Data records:

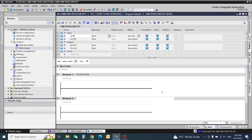Hello friends, today we are using one push button for ON and OFF of one relay in SCL and ladder logic both. First we will check in ladder logic how to make a one push button ON/OFF.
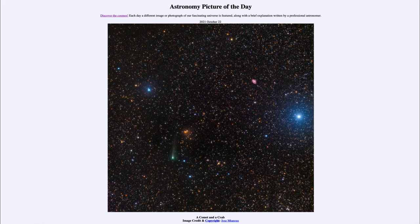Greetings and welcome to the Introduction to Astronomy. One of the things that I like to do in each of my introductory astronomy classes is to begin the class with the Astronomy Picture of the Day from the NASA website — that is apod.nasa.gov/apod — and today's picture for October 22nd of 2021 is titled 'A Comet and a Crab.'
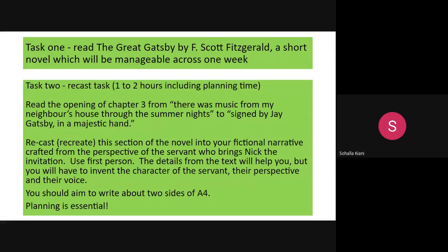Moving on to task two — this is a recast task. You should spend between one to two hours on it, including planning time. You will only focus on a section of the text: chapter three, from 'There was music from my neighbour's house for the summer nights' to 'signed by Jay Gatsby in a majestic hand.'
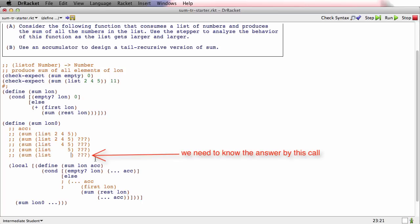You need to know the answer because the pluses aren't going to happen in the returns. The pluses are going to happen on the way in. That's what's going to happen when we move that plus first lon into the accumulator.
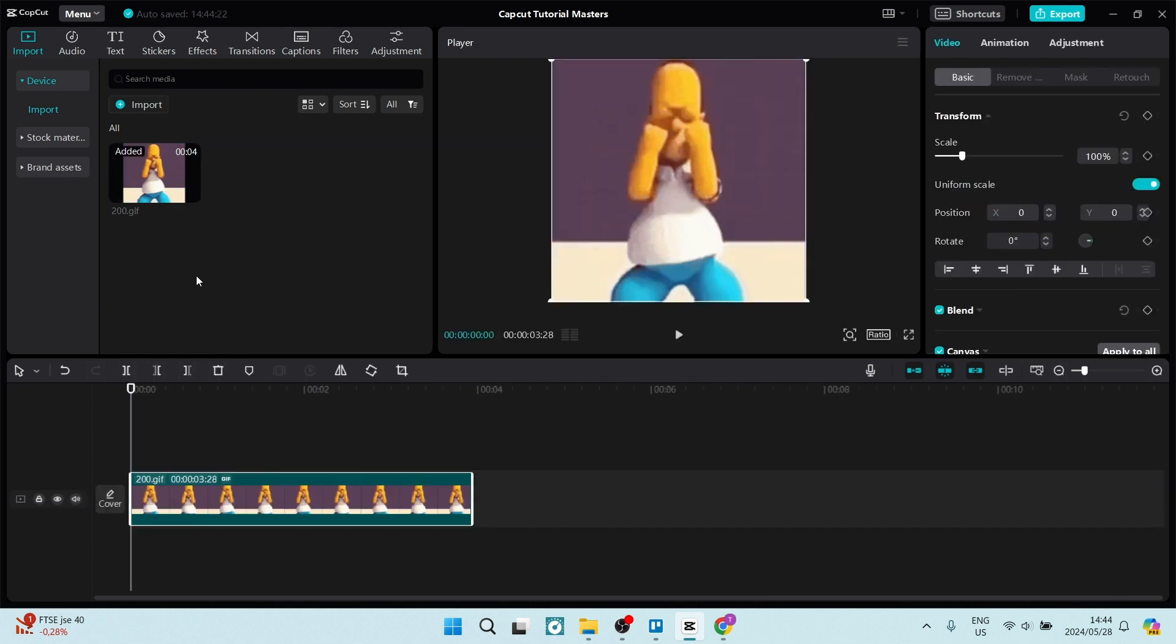You can now see that your GIF is on your timeline, and it is now also a moving image.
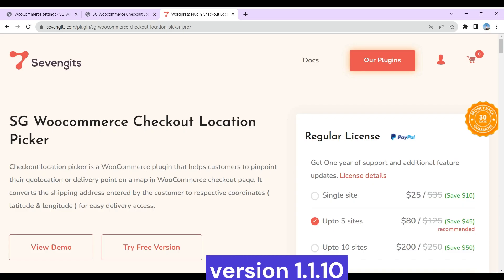Hello, we are going to see how to install and configure the Checkout Location Picker plugin. First, we need to install the free version of Checkout Location Picker from the WordPress repository.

Task objective: Give back exactly the lines from the one containing "You can now" to the final line of the entries, both included, and no picture.

Task solution:
You can now see that your GIF is on your timeline, and it is now also a moving image.
Hello, we are going to see how to install and configure the Checkout Location Picker plugin. First, we need to install the free version of Checkout Location Picker from the WordPress repository.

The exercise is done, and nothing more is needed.